ESKİ MUHALİFLER İKTİDAR OLUNCA…


28 Şubat’ın mağdurları artık iktidar. Eski muhalifler şimdi iktidar olunca, eski iktidarların neredeyse tüm baskıcı/sansürcü/tahrifatçı yöntemlerini medya ve siyaset dünyasında tedavüle soktular.  Sonucu tahmin edebilir misiniz?

28 Şubat sürecinde egemen medyanın manipülasyonlarından şikayetçi  olanlar, bugün sahibi/yöneticisi değişmiş de olsa aynı o egemen medyanın manipülasyon yöntem ve taktiklerini kullanarak rakiplerini alt etmeye çalışıyor. 28 Şubat sürecindeki gazete koleksiyonlarını karıştıralım: O dönemde kullanılan ‘Dinci’, ‘Şeriatçı’, ‘Laik düzen karşıtı’ ibarelerini, ‘Ergenekoncu’, ‘Hükümet karşıtı’ ya da ‘Din düşmanı’ sözcükleriyle değiştirelim, bir kez daha 28 Şubat tipi gazetecilik/habercilikle karşı karşıya kalırız. ‘Ergenekon Gazeteciliği’ başlığıyla iki cilt kitap yayınlamış olan Alper Görmüş’e bu konuda çok malzeme var ama…

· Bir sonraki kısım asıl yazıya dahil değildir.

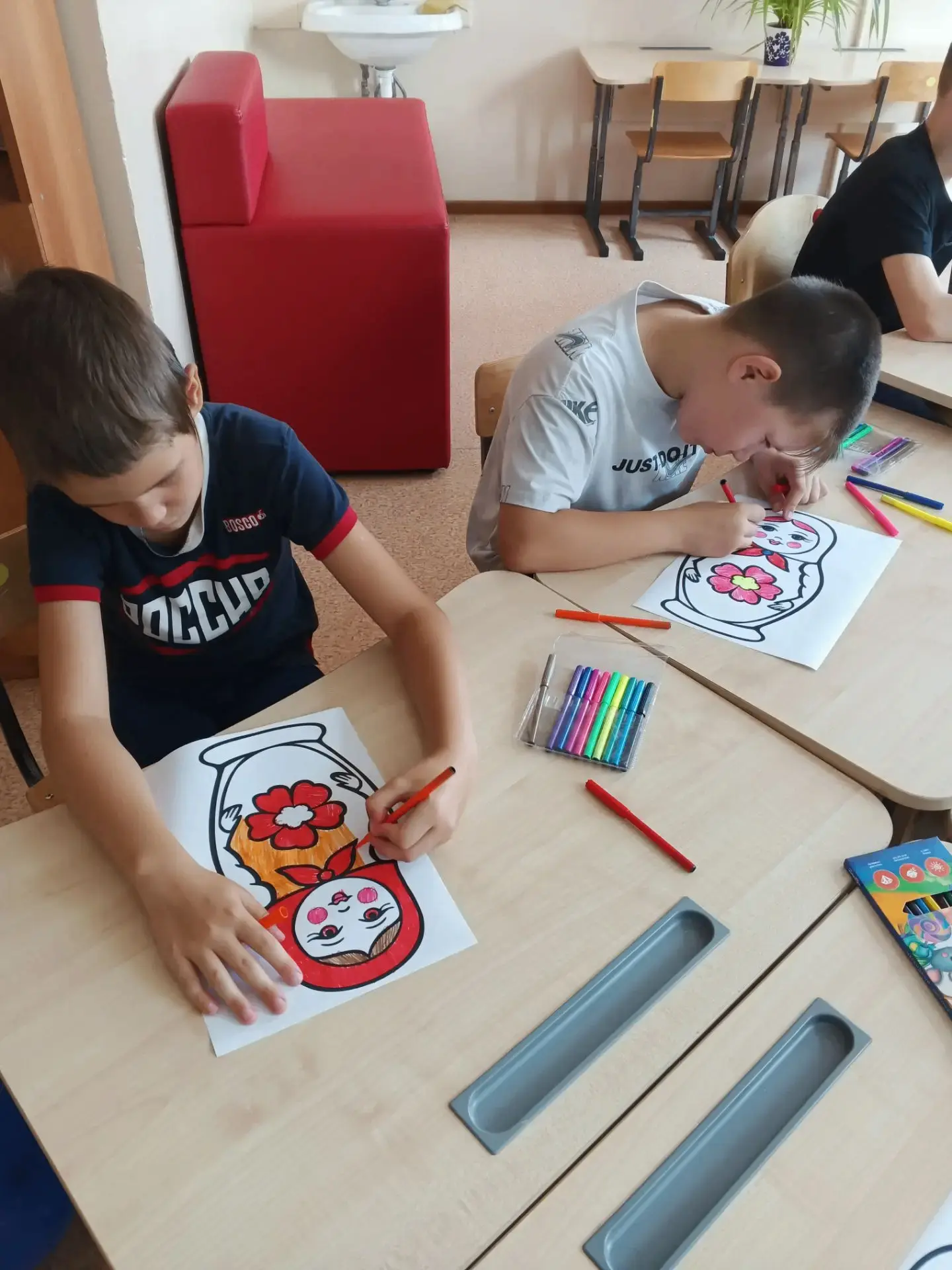 Знакомьтесь с нашими кружками! ☀️В нашем пришкольном лагере каждый найдёт занятие по ду...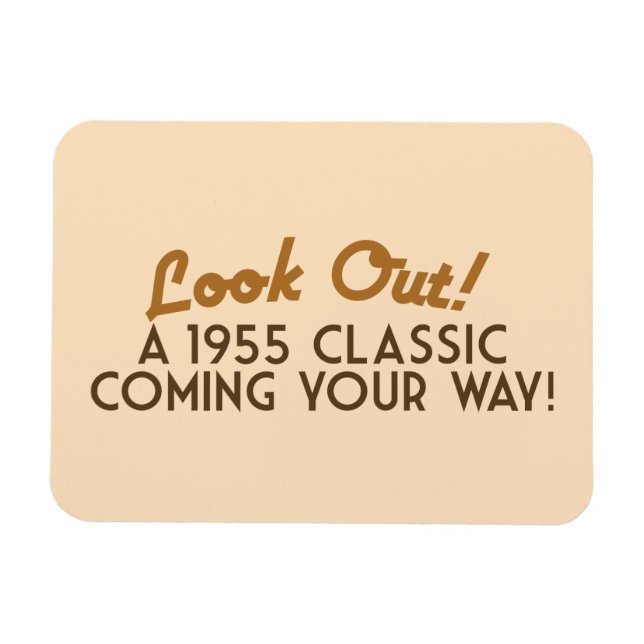 Ímã Um Clássico a caminho (Horizontal)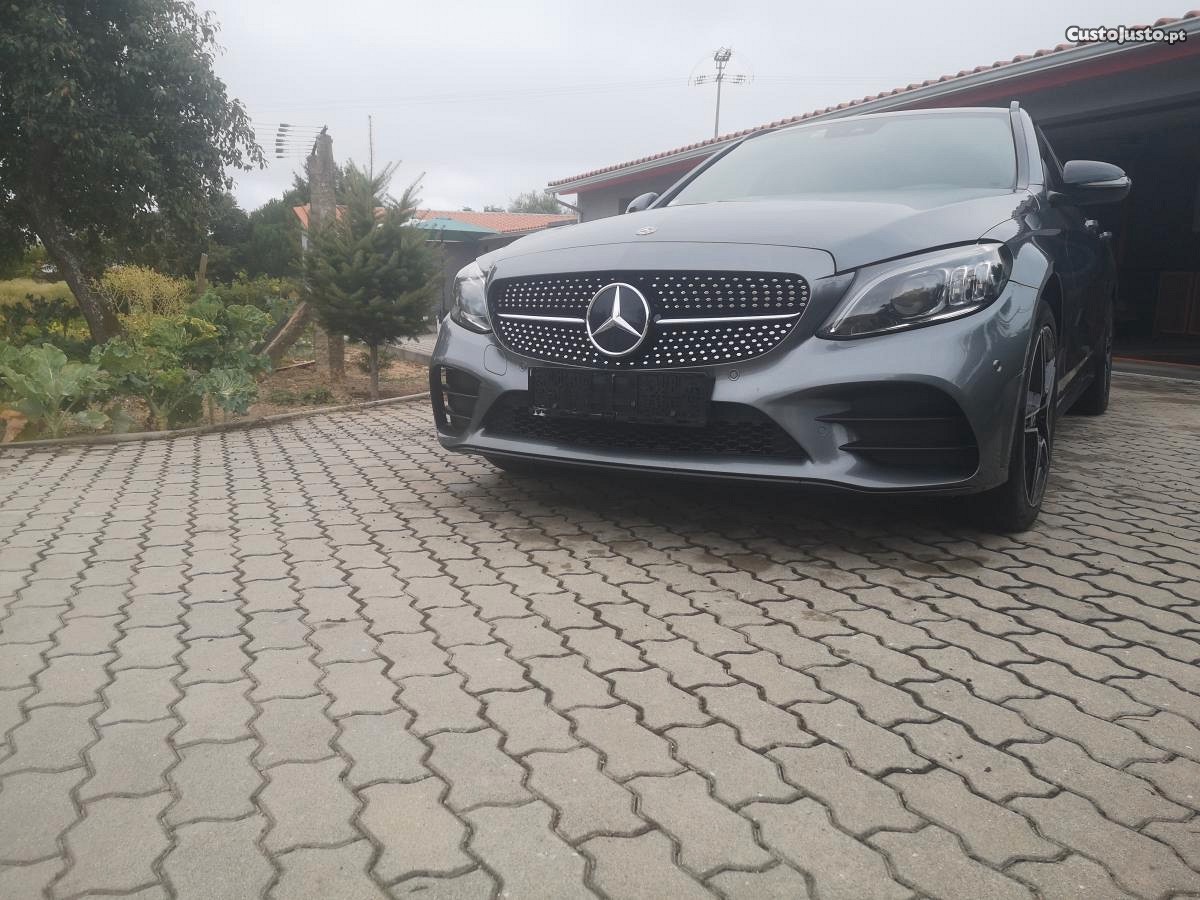Mercedes-Benz C 220 AMG - 18 — photo 5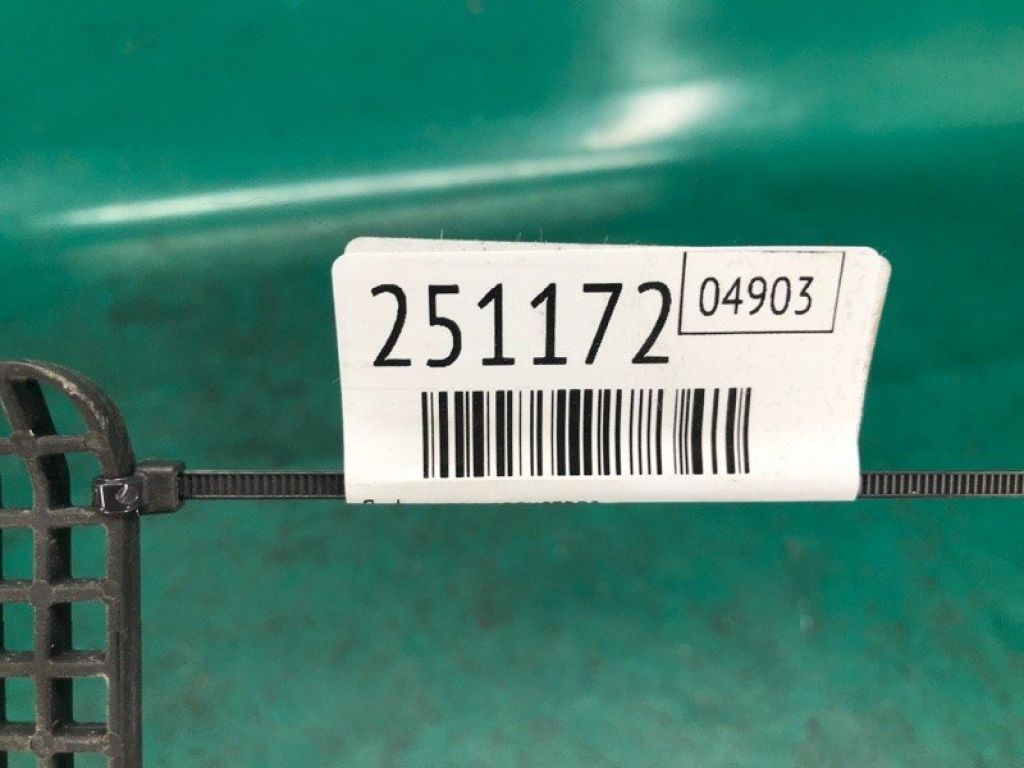 21499-JM00A | Дефлектор радиатора NISSAN ROGUE 08-15 - Фото 2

Hukukun ve adliyenin siyasi amaçlarla kullanılması, henüz sanık avukatlarının göremediği bazı bilgi ve dosyaların, iddianameye bile girmeden yandaş medyada yayınlanması sayesinde, sanıklar, yargıç karşısına çıkmadan suçlu damgası yiyor. Oda TV ya da Ahmet Şık-Nedim Şener davasında olduğu gibi, sadece sanıkların inkâr ettiği değil, bilimsel kurumların da sonradan üretildiğini saptadığı CD’lerin içeriği ile insanların itham edildiği bir dönem yaşıyoruz.

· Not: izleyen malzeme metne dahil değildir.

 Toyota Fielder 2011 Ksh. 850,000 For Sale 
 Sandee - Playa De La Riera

28 Şubat sürecinin mağdurları, bugün mağduriyet dönemlerinde hedef oldukları suçlama ve suçlama yöntemleriyle, başta askeriye ve her türlü muhalif  odak ve kişi olmak üzere geniş kesimleri sindirmeye, karalamaya çalışıyor. Psikolojik savaşın temel alanı olan medya üzerinden yürütülüyor bu mücadele. Anlamsız ve saçma sapan sonuçlar da doğurmuyor değil tabi… Mesela aynı davada yargılanan sanık listelerine baktığınızda, Hanefi Avcı gibi işkenceci geçmişi bilinen  bir polis yetkilisi ile Devrimci Karargâh mensubu olmaktan suçlanan kişiler aynı grupta. Ya da Veli Küçük gibi koyu karanlık askerlerle bizim hakiki gazeteci dostlarımız, Ahmet’le Nedim’i kastediyorum, aynı davanın sanığı.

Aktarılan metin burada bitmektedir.